The air reheats and releases foul-smelling puffs, a sign that another body has been extracted, the third of four that will be drawn out this day. Meanwhile, during a press conference, the prosecutor of Morelos, Javier Perez, calculated that all the corpses will be extracted in about a week. Some skeptics think that it will take more. It’s Tuesday already, the second day at work and they’ve only added two pairsto the more than 50 that rest in the common grave.

Activist and founder of the Movement for Peace and Dignity, Javier Sicilia, has been watching the excavation and handling of corpses from under a tree to accompany the ones who are hurting, his way of adhering to the rancor he holds against the local government, which he considers cynical and irresponsible.

“The same day I announced the creation of the Law for the Care of Victims, in memory of the assassination of my son — murdered by a criminal gang that led him to lead a caravan around the country against corruption — the bodies were buried in irregular, hidden graves, to forget the dead, without investigation, in total impunity,” he says to this newspaper.

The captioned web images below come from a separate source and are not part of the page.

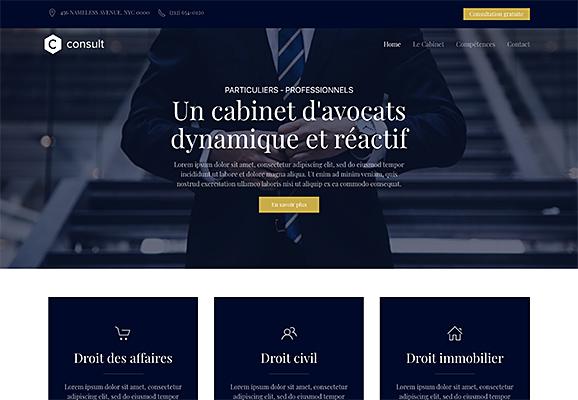 Page d'accueil du template Consult : fond bleu nuit, titre à empattements « Un cabinet d'avocats dynamique et réactif », trois cartes de domaines de compétence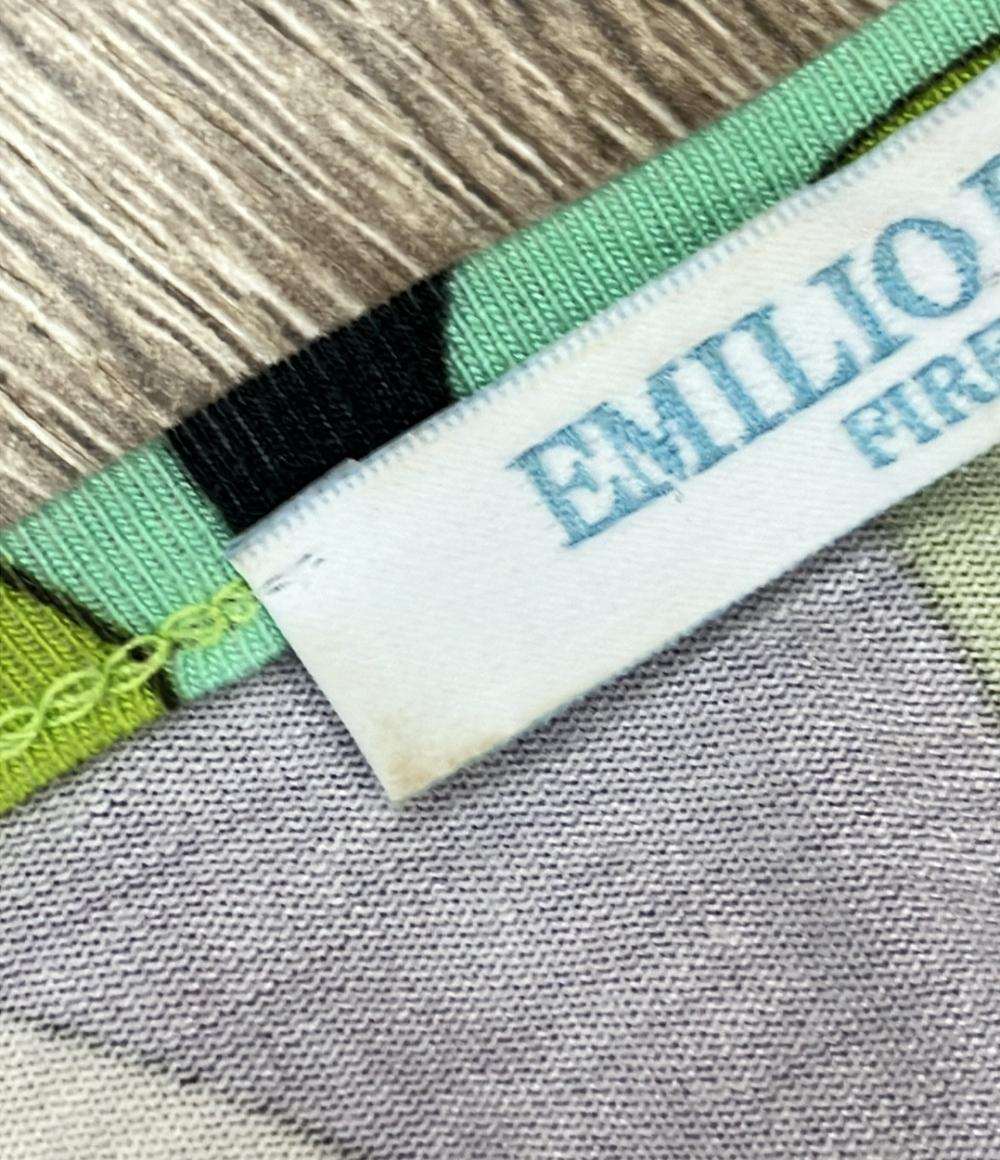 訳あり Emilio Pucci 半袖Tシャツ Vネック 7分袖 プッチ柄 レディース SIZE S エミリオ プッチ
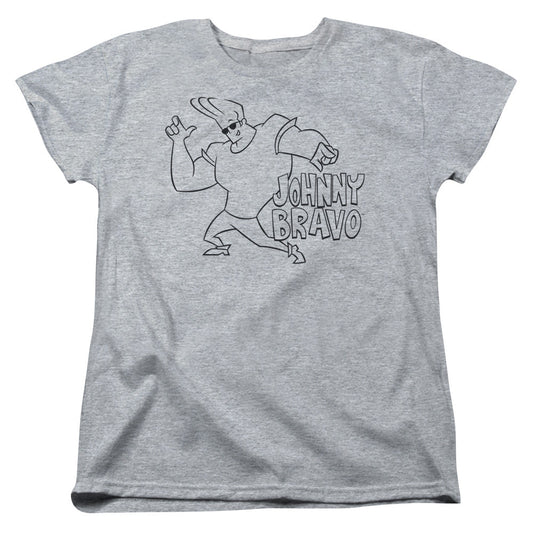 Johnny Bravo Jb Line Art Womens T Shirt Athletic Heather Officially Licensed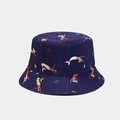Reversible bucket hat in navy blue featuring mermaid and marine life illustration patterns - Navy Mermaid Ocean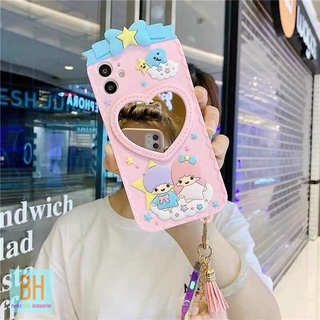 🔥สินค้าพร้อมส่ง🔥 เคส ไอโฟน มีกระจกน่ารัก พร้อมที่ห้อยสุดน่ารัก เคสลายลิ้ตเติ้ล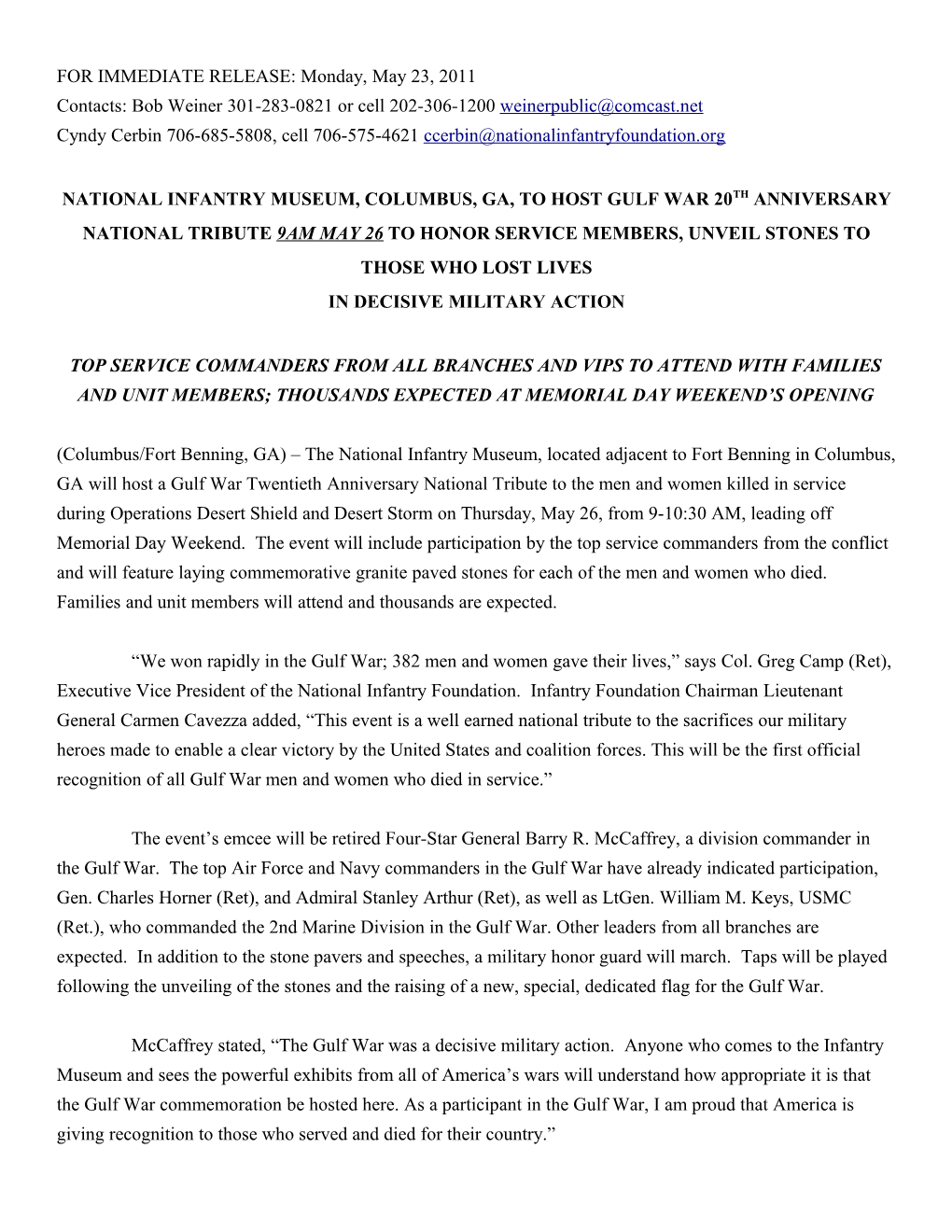 FOR IMMEDIATE RELEASE: Monday, May 23, 2011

“This only happens in a society that must have a total revolution in its structures, starting with the judicial system.”

Behind Sicilia, Manuel Rodriguez Juarez, also observes with detail the movements of the experts dressed in white and blue surgical masks.

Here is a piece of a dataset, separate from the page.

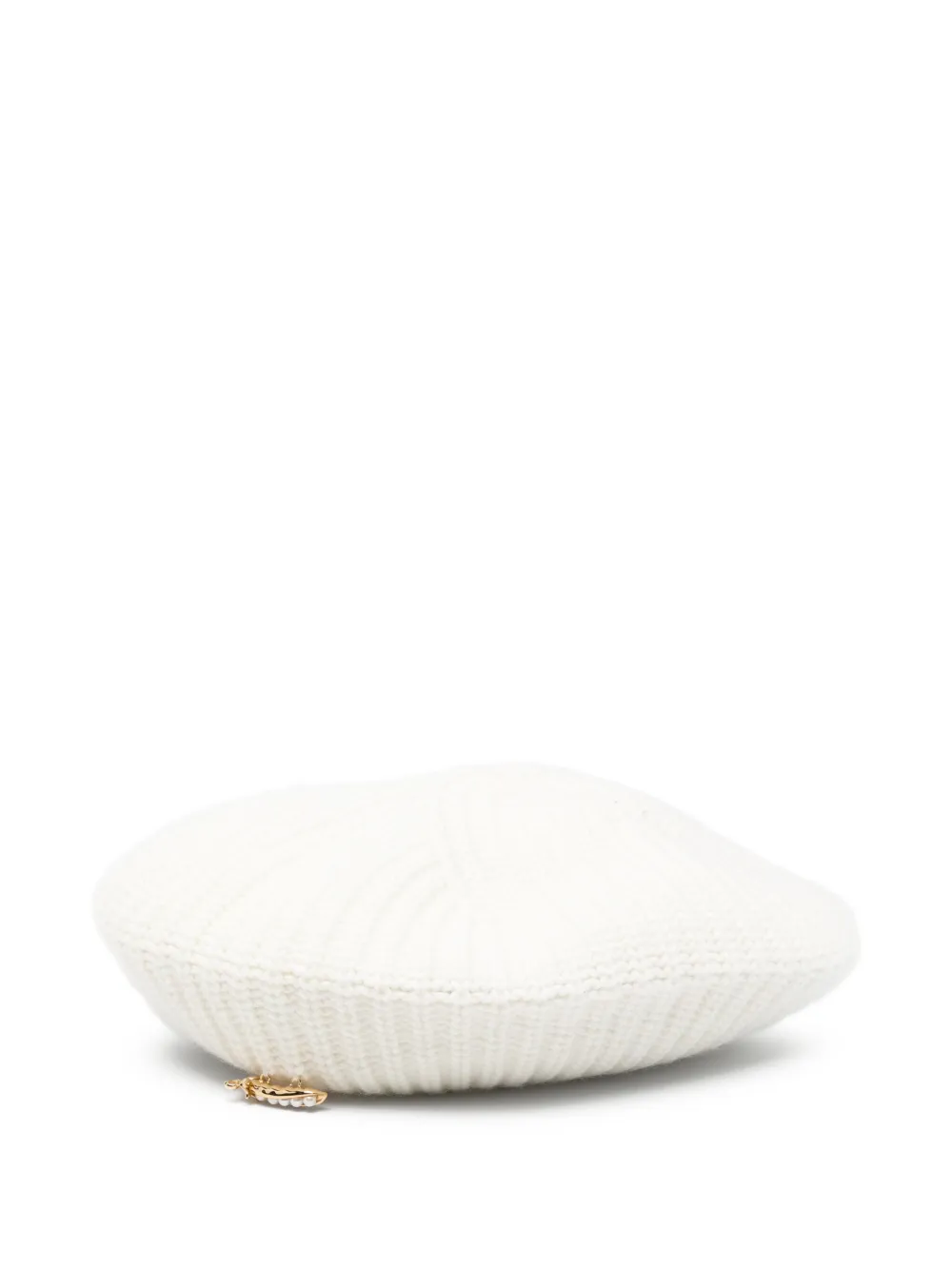 Vivetta pearl-embellished ribbed beret | White | Image 1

As a father of Monica Alejandrina Rodriguez, a young woman who disappeared in 2004, he knows the harm done by corruption in public life and the impunity in the country, the same causes that allow him to remain hopeful in Morelos, 16 years later.

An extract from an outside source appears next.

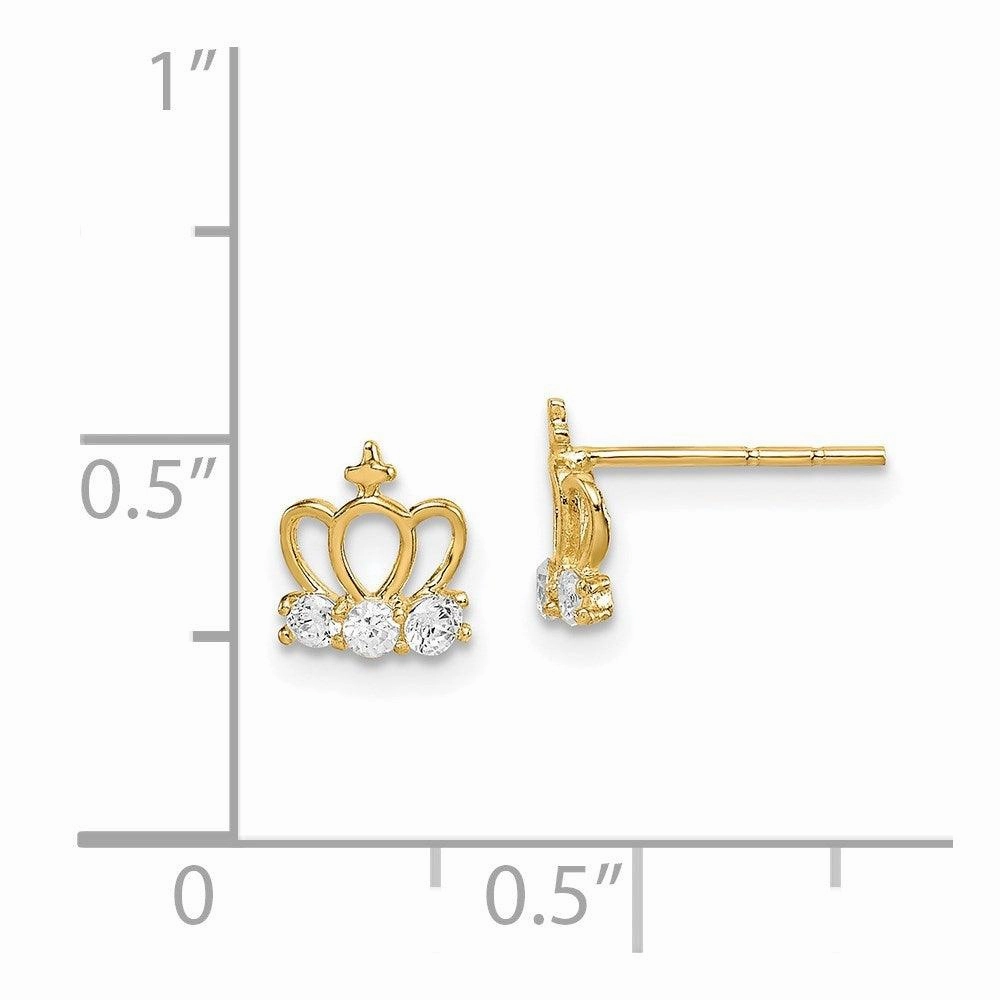Madi K Kid's 14k  CZ Crown Post Earrings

“I had to hire a private investigator to help me get the phone numbers my daughter called and discovered that it was a policeman and his son who had kidnapped her, with the help of a friend of hers,” he says.

“That cop had previously worked here in Morelos and therefore, I believe that if he killed her he could have brought her here.”

According to the Atlas of Violence in the state, prepared by the Autonomous University of Morelos, impunity of crimes in the state is 70%, a figure that allows criminal acts to be repeated again and again, leaving a trail of pain that will remain for generations.

Liborio Vilanueva, father of Isacc Yahir, is also among the present at the Tetelcingo Cemetery, atesting to the damage these unmarked burials caused his family. Isacc disappeared in 2011 after going to a convenience store of Cuautla, the town where they removed bodies today. He had two small children who were left with a fatherless future.